Ao rotular a série como “woke” de forma negativa, os críticos estão perpetuando uma visão estreita e preconceituosa, ignorando o fato de que a representatividade e a inclusão são fundamentais para uma mídia mais inclusiva e representativa. Além disso, ao se apegarem a visões ultrapassadas e rejeitarem a evolução da narrativa dos X-Men, esses críticos estão deixando de apreciar uma história rica e envolvente.

X-Men ’97 é uma oportunidade de trazer à tona discussões importantes sobre diversidade, igualdade e justiça social, mantendo a essência dos quadrinhos e da animação original. É uma oportunidade de apresentar aos fãs uma nova geração de personagens e histórias, enquanto continua a homenagear e celebrar os elementos clássicos que fizeram dos X-Men tão populares.
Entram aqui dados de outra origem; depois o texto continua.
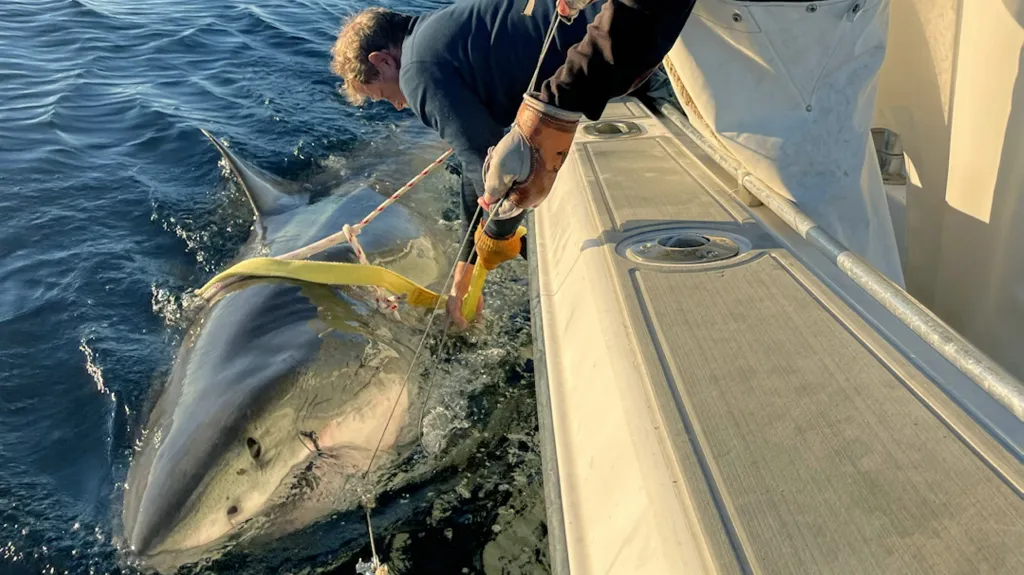 Contender the great white shark is studied by OCEARCH researchers in the Atlantic Ocean.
Em resumo, a crítica de que X-Men ’97 está “woke” é baseada em uma visão estreita e ignorante da importância da representatividade e da inclusão. Os X-Men sempre foram uma plataforma para abordar temas relevantes e atuais, e X-Men ’97 está seguindo essa tradição ao atualizar a narrativa e introduzir novos elementos. Ao criticar a série por ser “woke”, os espectadores estão perdendo a oportunidade de aproveitar e valorizar verdadeiramente uma história que busca promover a inclusão e a diversidade.